もっとも 資本主義的な主観の人びと(もっぱらのアマテラス者たち)も そういうような《道徳》は知っているし うなづくであろう。うなづかせればよいというのでなければ そして身をもって有効な自由な主観を実践していると胸を張れる人は 経済学しなければならない。つまり 愚痴はこぼさないであろう。
したがって 主観の有効を前提するかぎり この前提で歴史が推移してきたと見なければならない限り より勤勉なもっぱらのアマテラス者たちが あたかも自分たち自身の国を この世=《はじめ総体》の外に 別個に 独立して存在させるようになったわけのものではないであろう。文学的な表現としては そう言いうるとしても。あまりにも階級差が激しいときには 天国と地獄であると喩えられたように。雲の上というほどに この世のものではない。
つまり まだ インタスサノヲ協働関係は 有効である。それは 有効でなくなっていない。同時に ほとんど無力にされている。

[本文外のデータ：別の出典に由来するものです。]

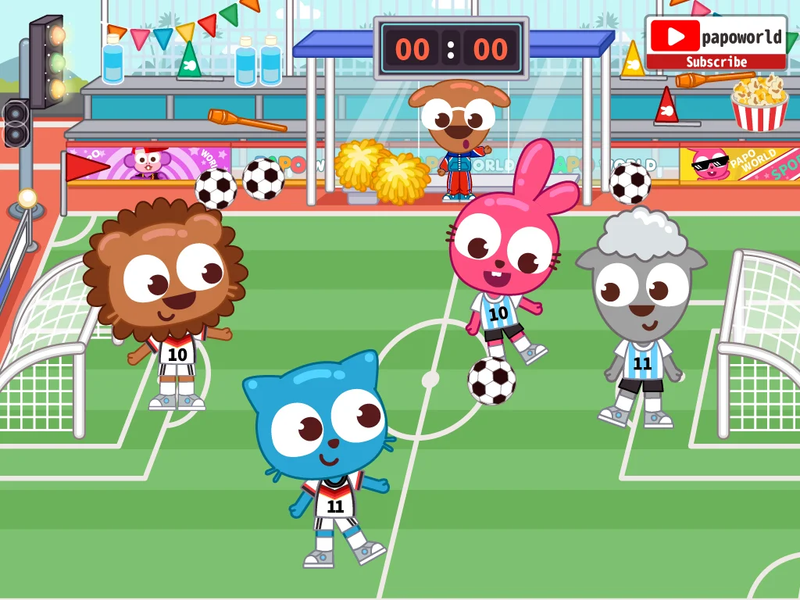 Papo Town Sports Meet - عکس بازی موبایلی اندروید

問題は 言うまでも無く 総体としてのインタスサノヲ関係の再編成にある。もし 有効でありつづけ かつ 無力にされているとしたなら。というよりは まだ 依然として 定義の問題なのである。経済学の《はじめ》の――ここに到れば いくらかは――内容過程としての。このあとで 具体的に 法律・権力の問題が からんでいる。《あと》というのは 作業の前後のことではなく 考え方としてである。《はじめ》という小前提を脱け出していても――つまり革命家にあっても―― 同じことであるだろう。ほとんど同じことであるだろう。
一つの焦点として アマテラス価格←インタスサノヲ価格の 決定の仕方・仕組みの見直しに 問題は ある。そして いくつかの細分化された焦点を 取り上げ論じていく場合も その同じ作業過程で 《主観》の問題である。つまり 経験世界として言わなければならないのだから 主観関係のそれである。言いかえると たとえばアマテラス価格の決定の仕組みといった一焦点についても そこに どういう人間が出現してくるかである。事が 二角関係から出発しているとしたなら。あたらしく出現してきた人間が いや あたらしい主観関係としてわたしたちが出現していくその同じ過程で 事は《はじめ総体》に及び 全体としてのインタスサノヲ関係(制度的な)の再編成を 《必然》させているということになる。《自由の王国》は だれもが認めるように 経済学の議論としては この《必然の国》にしかありえない。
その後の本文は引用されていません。